The logistics of phone solicitations can be daunting. A hardworking solicitor can complete about 10 full solicitations per hour. (that’s working around the usual multitude of unanswered calls and voice mails, etc.) The window of time available to make calls to a person’s home is only about two and a half hours in the evening, roughly from 6:00 until 8:30 p.m. If an organization has 10 available phone lines, 2,000 phone solicitations will take a minimum of eight evenings under optimal conditions.
Phone solicitations have some advantages. Volunteers who feel uncomfortable asking someone for money face-to-face often turn into real pros on the phone. Protected from embarrassment by the anonymity of the telephone and able to have “crib” notes in front of them, they feel more relaxed and thus find it easier to ask for money. Also, phone solicitation can be fairly inexpensive. Especially if an organization gets a company to donate the use of its officers and phones in the evening hours as headquarters for its volunteer callers.
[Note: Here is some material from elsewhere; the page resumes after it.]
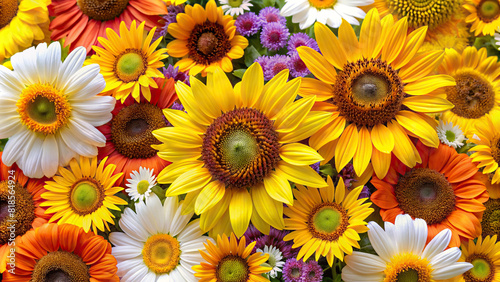 A vibrant mix of sunflowers and daisies arranged in a sunburst pattern  evoking feelings of joy and happiness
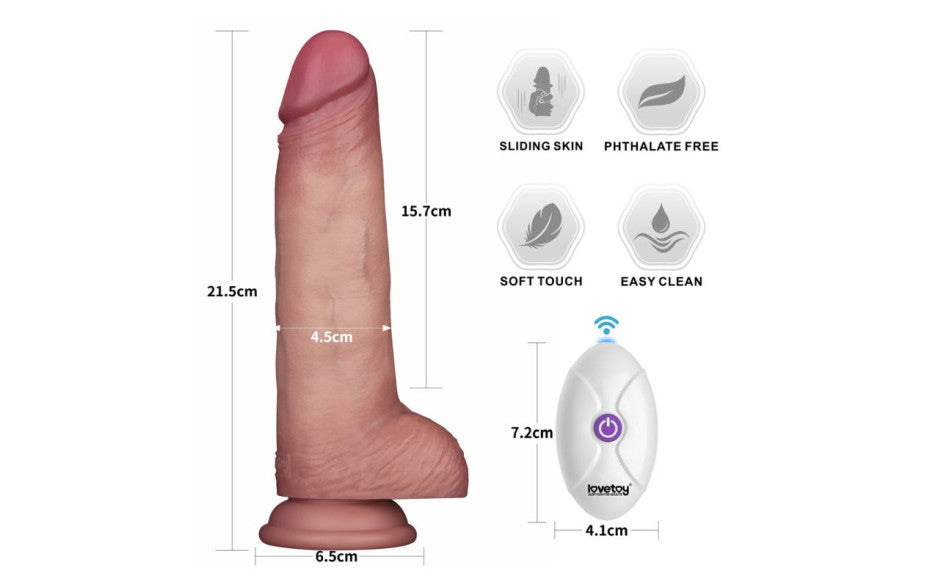 Vibrating Sliding Skin Pro II Silicone Dong 8.5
However, relative to your “cold” calling plan, unless the callers are representing an organization about which the prospect cares, they are unlikely to meet with a very warm reception. I would use telephone fund-raising only with a constituency of an organization or with persons who know or are able to identify the person making the call, but not so much as an approach to those unlikely to have knowledge of either the organization or the solicitor and to expect favorable results. But, your Media blitz could make the difference.
Remember that telephone fund-raising programs are comprised of callers making fleeting, usually one-time contacts with prospects. This will surely result in the loss of potentially significant contributions which could develop for the future benefit of the organization. Only volunteers are able to develop personal relationships with prospective donors over time, especially with face-to-face meetings.
Professional Telefunders: If you pay people to make the calls:
(1) The organization’s leadership is responsible to see to it the program is cost-effective, especially to guard against when the percentage paid for money raised is out of reason---50% or more.
(2) The outside callers must represent the organization in the best possible manner. The reputation and credibility of the organization are at stake here. Guard against when the callers engage in less-than-honorable tactics to induce the giving of money; the issue of ethics is certainly at home here, not to mention possible irreparable damage to donor relations.
As well, when using paid callers, I believe a telephone fund-raising firm would be working against your best interests if they refused to recognize the long-term financial health of the organization by insisting they make calls to prospects who could be prime candidates for cultivation and stewardship programs which they know the organization’s leadership should conduct.
You are always better off to contact other organizations ---similar to yours---whose experiences can provide samples of everything you need: advance mailing piece to prospects alerting them to the upcoming calls; worksheets of prospects’ profiles for callers to use including the amount of money to be requested; recruitment of volunteers; calling schedule; script; pledge forms; fun incentives for the callers; refreshments; follow-up procedures such as billing, etc.
Here are the key elements comprising a successful telefunding campaign:
--- advance mailing piece to prospects alerting them to the upcoming calls, when the calls are coming, and most important, with a suggested asking amount included so they know what is to be coming later from the caller. Do not enclose a gift return envelope. You want to them to be conditioned to respond when the phone call comes. This advance “proposal” to give a set amount is especially bolstering to the volunteer following up with what is not then not as much a “cold” call
--- worksheets of prospects’ full information profiles for callers to use; name, address, phone number, and organization relationships---and especially including the amount of money to be requested
--- recruitment of volunteers enough to handle the volume.
---Script for the callers:
“Hello, I’m _____, and I calling to ____” Informal script which asks for specific amount suggested based on your simple and easy-to-say “case” for support, and always with the declaration that, “whatever you choose to give will be greatly appreciated.”
--- pledge forms, with schedule of payment
--- “perks” for the donors’ contributions; inexpensive and cost-effective things you can provide at the various asking levels. See my website article on this type of
“The Name Is The Game: Memberships And Named Gift Opportunities”
--- fun incentives for the callers
--- follow-up procedures such as billing, etc.